Так получилось, потому что как художника меня занимают животные как образы «другого», вечные спутники людей, пытающихся объяснить себе себя. От кого бежать, за кем охотиться, с кем себя сравнивать, а с кем нет. Нужно оговориться, что этот подход я не придумывал как идею. Все объяснения для работ я даю себе задним числом. В какой-то момент, опять-таки задним числом я понял, что оказался носителем бессовестности или, изредка, осторожного иносказания. Это не язык обитателей башни и не язык тех, кто может себе позволить говорить прямо — язык героев или тех, кто защищен статусом или безопасным положением. Это язык слабых, увиливающих от ответа, не желающих или не могущих себе позволить иметь мнение, делать выбор и нести ответственность.
Внизу — не столько интересно, сколько страшно. За веселыми картинками с милыми животными прячутся неведение, слабость и страх. В больших социальных проектах, например на стройках индустриализации или в войнах, которые ведут политики и их генералы, руководствующиеся устаревшими картами, любые существа оказываются похожими на коров, овец и коз, заключенных в загоны, следующих по путям, проложенным невидимыми пастухами, чьи планы остаются недосягаемыми. Мышь, бегущая по лабиринту, вынуждена подчиняться законам лабиринта. Она не видит схемы лабиринта и даже не знает, что это лабиринт. Она не может пробить стену, она не знает, что это возможно.
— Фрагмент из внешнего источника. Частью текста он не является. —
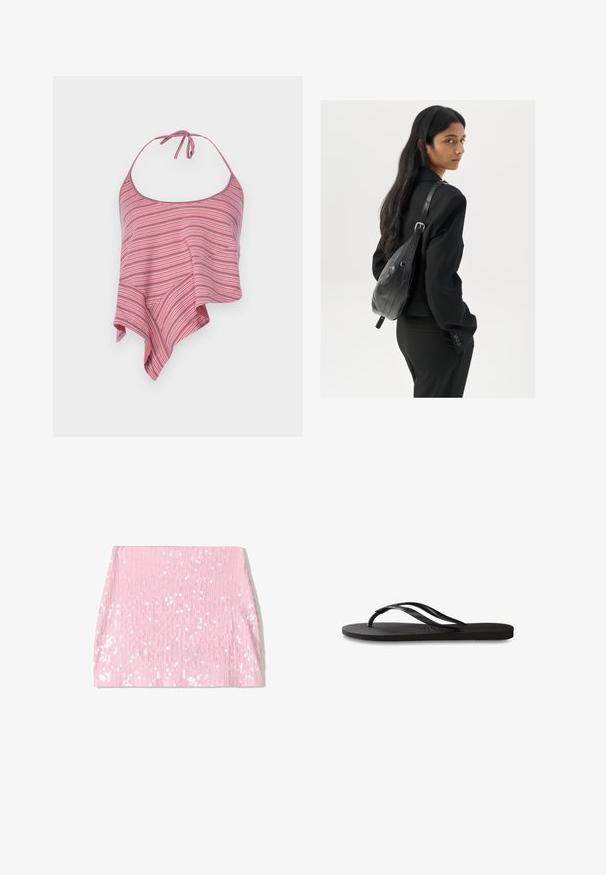 Črtasta top majica na halter, v roza in beeli barvi, z vodoravno asimetrično zasnovo in zavezovanjem na vratu. Mehka, lahka tkanina.; Mini krilo iz roza bleščic z navpično rebrasto teksturo, ki ima prilegan silhueto in bleščeče bleščice po površini.; Črne natikače z teksturirano gumijasto podlogo, dvema ozkima trakoma in subtilnim, vtisnjenim logom na traku.; Ženska z dolgimi temnimi lasmi, oblečena v črn kostim, nosi črno usnjeno torbo čez ramo in se ozira čez ramo proti beli podlagi.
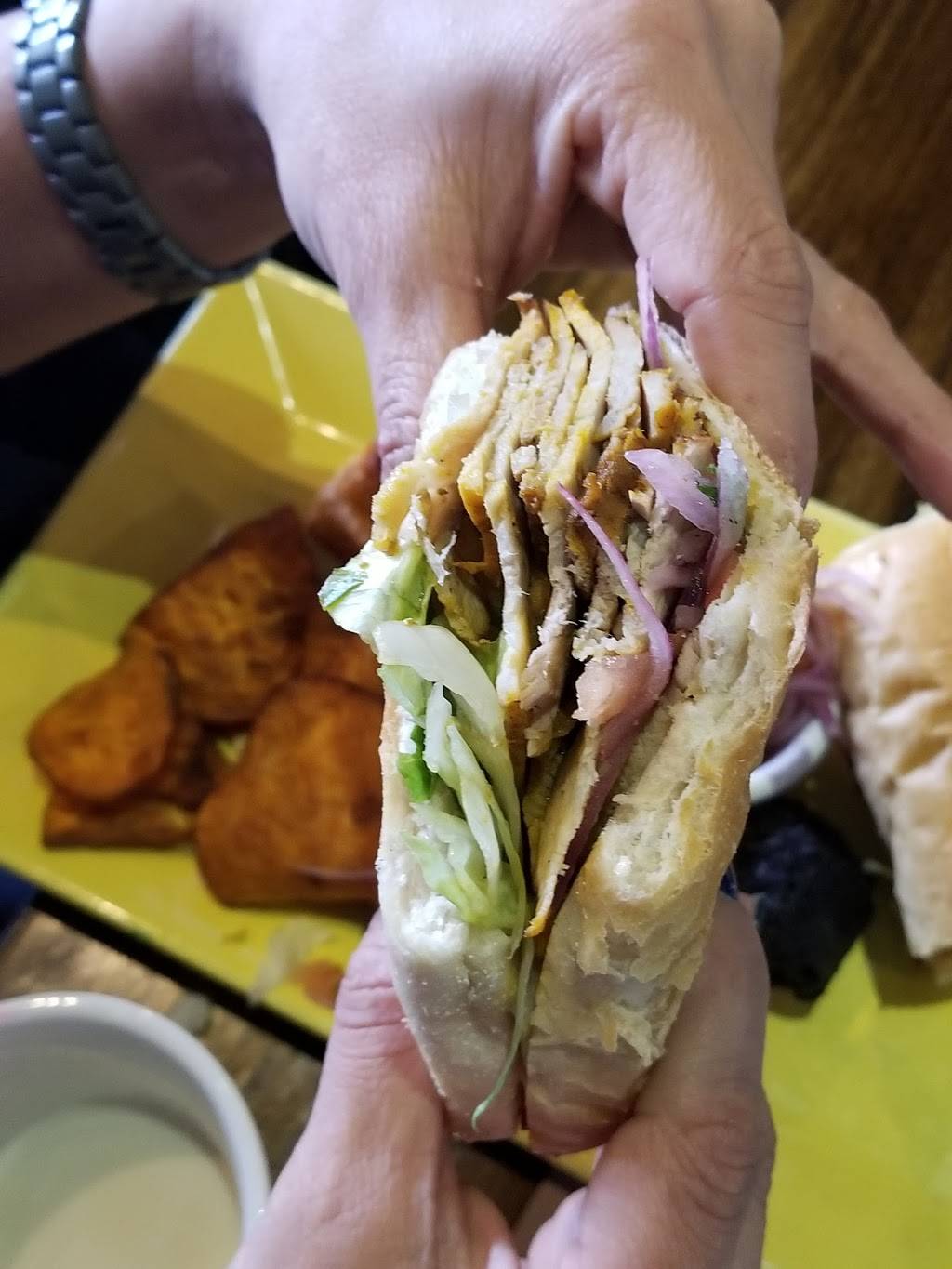 Juanitas Cafe | cafe | 84-15 Northern Blvd, East Elmhurst, NY 11370, USA | 7187797272 OR +1 718-779-7272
Tower II, acrylic on paper, 100 x 70, 2024
Существа, бредущие по нарисованному кем-то сверху пунктиру, либо не могут, либо не хотят подвергать сомнению навязанные им планы, потому что лишены возможности посмотреть на ситуацию с высоты башни. План стройки, план войны или карта лабиринта видны только оттуда. Художник в моем случае не может осудить мышь, за то, что она не хочет пробить стену или овцу за то, что она не хочет вырваться из загона. Это не осуждающий взгляд сверху, а послание сочувствия к бессильным. Художник тут проживает бессовестность и бессилие, а не осуждает его. У него другое имя, он сам — те, кто молчит или выбирает безопасность анекдотов, басен, притч и смешных мемов, не видя всей картины. Когда я делаю выставку, я никому про это не рассказываю, потому что я не на башне и, глядя прямо перед собой и вокруг, я не вижу карты и не знаю, как все это называется.